## [WHAT IS NEEDED]
Leaving the pictures aside, repeat the entries exactly.

## [RECORDS PROVIDED]

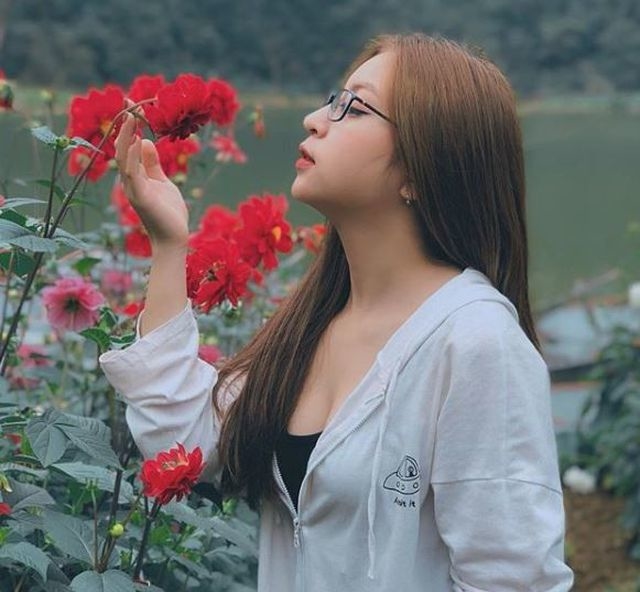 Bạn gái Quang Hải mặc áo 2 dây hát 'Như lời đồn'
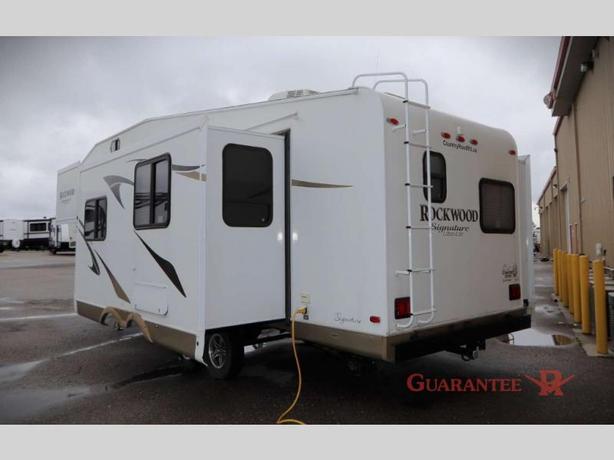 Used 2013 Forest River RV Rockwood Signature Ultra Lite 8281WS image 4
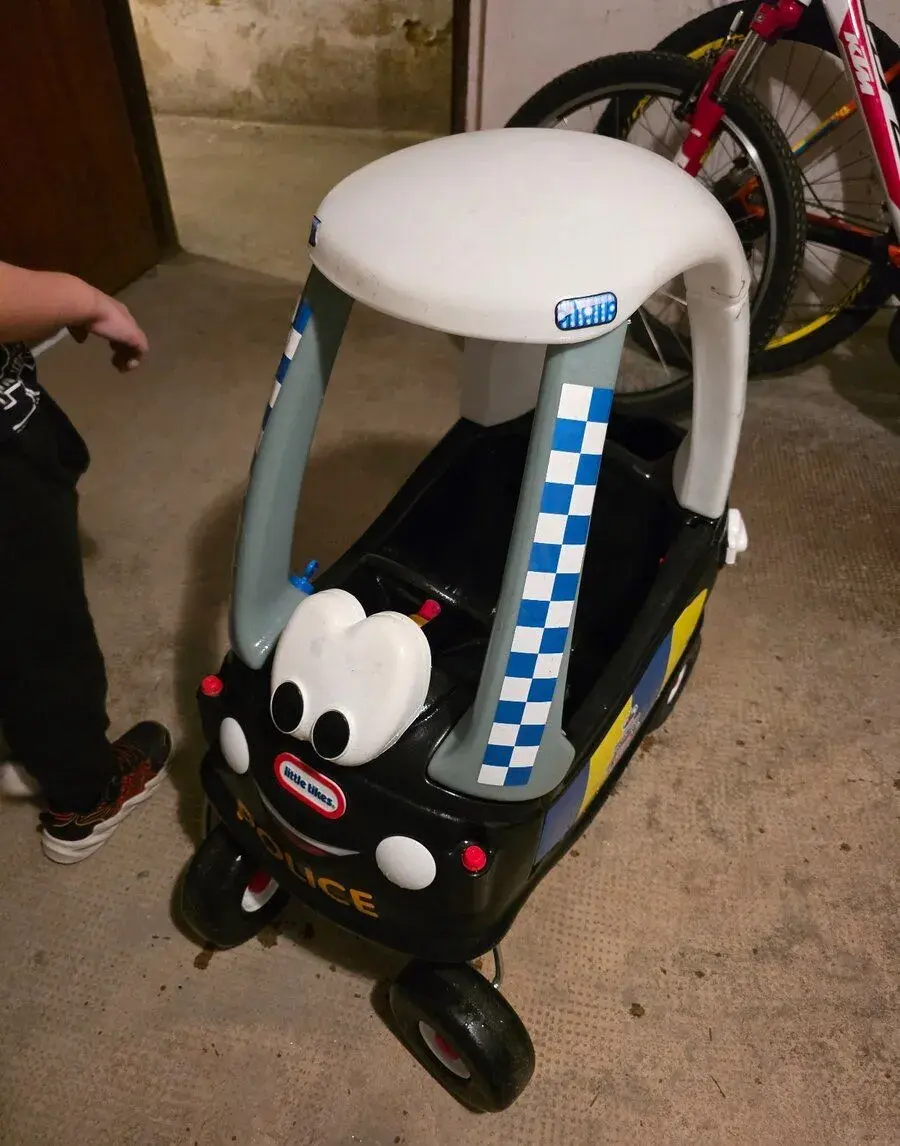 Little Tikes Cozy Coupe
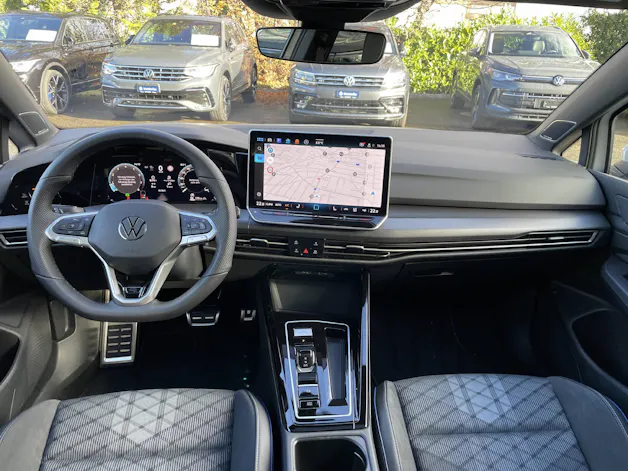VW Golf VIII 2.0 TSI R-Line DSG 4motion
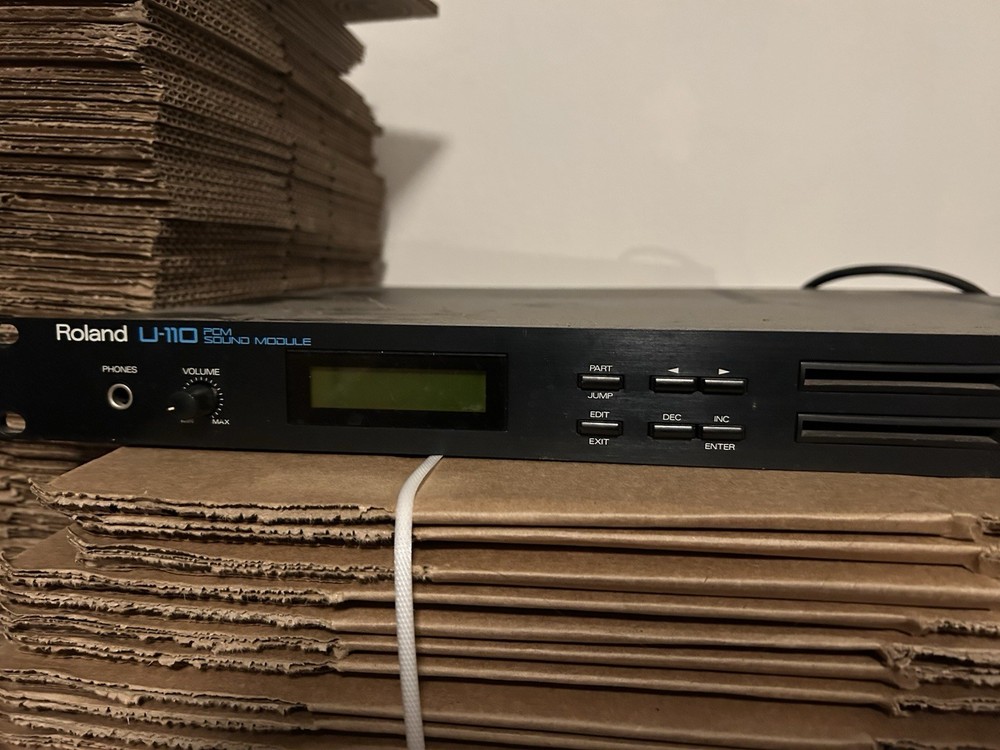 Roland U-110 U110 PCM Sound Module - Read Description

## [YOUR RESPONSE]
 Bạn gái Quang Hải mặc áo 2 dây hát 'Như lời đồn'
 Used 2013 Forest River RV Rockwood Signature Ultra Lite 8281WS image 4
 Little Tikes Cozy Coupe
VW Golf VIII 2.0 TSI R-Line DSG 4motion
 Roland U-110 U110 PCM Sound Module - Read Description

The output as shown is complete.